2. Very Basic Data in R

Due Week 2

Author

Prof. Jack Reilly

Published

F2025

Readings

  • Recommended reference reading:
    • FCSP chapter 2
      • We will not cover all of this material in ch 2 this week; don’t get too caught up on things not in course slides or course R scripts
    • DMSS chapters 1-2
      • Ignore, for now, things that relate to Database Management Systems (DBSMs) or SQL
    • The Plain Person’s Guide to Plain Text Social Science, ch 1-2 (https://plain-text.co/index.html)
      • Note: The Plain Person’s Guide is a little out of date techinically - some of the tools discussed have newer, and better, versions - but the overlying principles and philosophy are what you should pay attention to

Data & Computational Work

Last time, you installed software. This time, we’re going to begin to use it.

Submit: .R File 1

(If you did not submit this last week)

In an .R file, write code to answer the following questions. Make sure your file is appropriately titled and headered.

  1. Create an object named aardvark that stores a 3 as a single number
  2. Create a second object named boomba that stores a 6 as a single number
  3. Create a third object named centauri that is the addition of aardvark and boomba
  4. Create a fourth object named diabolical that is the multiplication aardvark and boomba
  5. Create an object named ebullient that stores three numbers as a vector: 4,5,and 6
  6. Create an object named fastidious that stores three numbers as a vector: 8,9, and 11
  7. Add ebullient and fastidious together, and store it in an object named george
  8. Find the mean (average) of fastidious, and store it in an object named zoinks

Submit: .R File 2

Create an R file to write all of your code in. Make sure this file is properly titled and headered, etc. Write code that answers the following:

  1. Roll a 12 sided die 50 times. Store the result in an object roll. What is the mean (average) of your 10 die rolls?

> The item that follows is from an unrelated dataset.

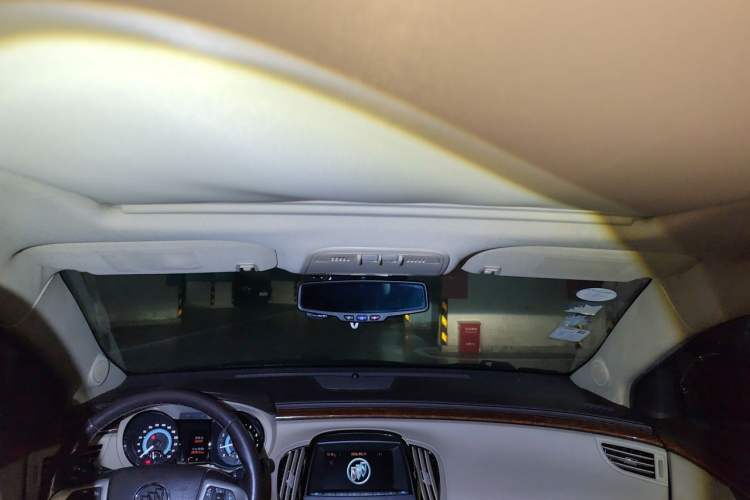 Used Buick LaCrosse 2011 2.4L SIDI Haoya Edition Headliner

  2. Create a object named trusttheforce that stores the following information:

    • Information for five Star Wars characters: Luke, Han, Leia, Vader, Rey
    • One string variable storing their name: name
    • One boolean (true/false) variable indicating if the character can use the force (F - Han, else - T): force
    • One boolean (true/false) variable indicating if the character is a Sith (T - Vader, else - F): sith
    • One numeric variable indicating the total number of Star Sars movie the character appeared in as a non-baby, non-ghost character (Vader/6, Luke/5, Leia/6, Han/4, Rey/3): movies
  3. Draw a histogram of trusttheforce$movies showing the distribution of number of movies

  4. Let’s take the Obi-Wan perspective, and say it only counts for “Vader” to show up if he’s actually wearing the suit after “betraying and murdering” Luke’s father.

    • Replace “Vader’s” number of movies with 4.
    • Draw another histogram of trusttheforce$movies showing the distribution of number of movies according to Obi-Wan
  5. Load npsvisitation0910.csv. It has three variables: park, year2009, and year2010, with the second two giving the number of visitors to the park in question in 2009 and 2010.

    • What is the average number of park visitors in 2009? 2010?
    • Draw a histogram of the number of park visitors in 2009.
  6. From the list of parks, identify Yellowstone National Park and Mount Rainier National Park. (They are in rows 359 and 235).

    • How many more visitors did each park, individually, have in 2010 compared to 2009? (Subtract one cell from the other)
    • What is the difference in the number of visitors between those two parks in 2009? (Subtract one cell from the other)
    • How many visitors did the parks have, combined, in 2010? (Add one cell to the other)
  7. BONUS:1 Roll one twelve sided die 1000 times. Then, roll two six sided dice (together) 1000 times. Add the two six sided die rolls together, so you can get a “combined” roll that goes from 2 to 12 (the way you would in a normal board game). What is the mean of the twelve sided die rolls and two six sided dice rolls? How do the distributions (histogram) of these two rolls differ?

Submit this .R file to Blackboard.

Submit: PDF file

Answer the following questions and upload as a PDF to Blackboard.

  1. Include your histogram showing the distribution of movies. Include both the “normal” version and the “Obi-Wan” version.

  2. Include your histogram of number of park visitors in 2009.

  3. How many visitors did Yellowstone and Rainier have in 2009 and 2010, respectively?

  4. BONUS If you did the bonus problem, include your histograms for your two die rolls above.

Footnotes

  1. This bonus is for no actual bonus points - it’s an optional problem to help you begin thinking your way through code.↩︎